Narcissists can put you on a schedule.
An intermittent schedule. You never know when the reward or punishment will come
One that keeps you longing and jumping in excitement at little bread crumps they occasionally throw your way.
They push your limits, your boundaries over and over and over and just as you are about to give up on them and say enough is enough, they quickly switch gears give you exactly what you have been longing for; some love and kindness.
But as expected, this only lasts for a moment and before you know it, you are back where you started.
HOW DOES THE NARCISSIST USE INTERMITTENT REINFORCEMENT ON THEIR VICTIM?
Think about gambling.
It is not guaranteed that every time you gamble you will win.
Neither is it definite when you will win.
But somehow, a gambler keeps gambling.
Just when they least expect it, a win happens. And this win comes with a thrill enough to hook the gambler to the game even when the next 100 games are all a loss. It creates the needed illusion of “if I won once, I can win again.” So a gambler may lose everything including what they won the first time looking for that thrill they felt when they won. And that thrill, that euphoric sensation they experienced in their brain is what makes them addicted to the game.
Being in a relationship with or married to a narcissist works more like a gambling addiction.
Theirs is a more of give little, take more kind of cycle.
We all know how loving and ideal narcissists act in the initial stages of the relationship. The love bombing phase. They leave you convinced that they are your absolute soul mate. It is hard to believe that these individuals will very soon turn into your worst nightmare.
Once they have you secured in the relationship, probably married you, tied you down with a pregnancy, one or two kids, they slowly start peering their ugliness. But they are tactical about it.
They slowly test your boundaries.
What can you take?
How far can they go?
What is your reaction to their “intentional” apologies?

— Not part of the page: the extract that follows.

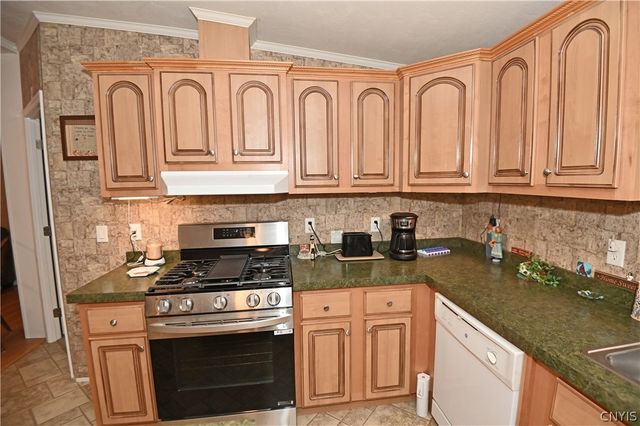 127 Royal Meadow Drive, Kirkland, NY 13323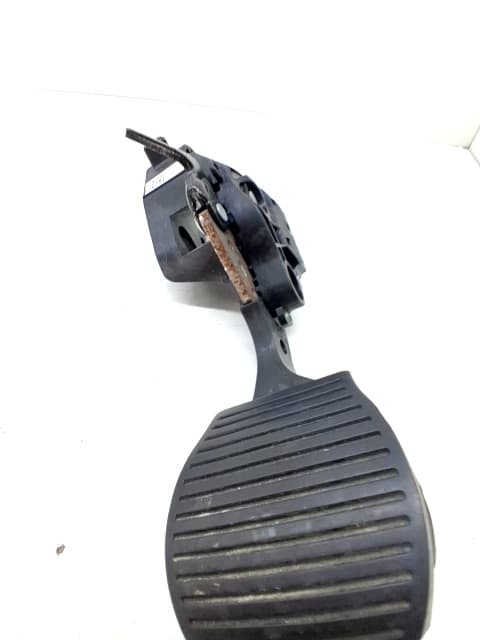 Pedal freno FIAT 500E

They are slowly taking data and registering at the back of their minds and this is what they will use to manipulate you and keep you hooked and longing for the slightest moment of affection they may randomly throw at you.
For example, they will go ahead and betray your trust, have an affair out there. Your response and reaction to the betrayal will determine the trend that will follow.
If you ignore, they know, well, this is a boundary I can easily cross and get away with. I don’t need to do anything about it. This is an easy one. Soon you start noticing the cheating trend getting worse. If they used to only stay out late for a few hours, it becomes a whole night away, a whole weekend, and some cases we hear people speak of weeks of not having put an eye on a supposed spouse. Some do even get to a point where they bring their cheating escapades right under your nose, in the same house even bed you share. These things are happening in our midst.
They are pushing your limits.
Just when you are about to quit and say I can’t anymore, the apology comes. Notice, this is the most disingenuous form of apology you will come across. Most insincere. In their apology, they will make it clear that their acts are not solely their responsibility and there is a bigger part that you played to make them act like that. They don’t take full responsibility for their actions.
But because this is what your brain has been longing for, you hang onto those little dirty crumps of an apology and convince yourself that they mean it and will not hurt you again.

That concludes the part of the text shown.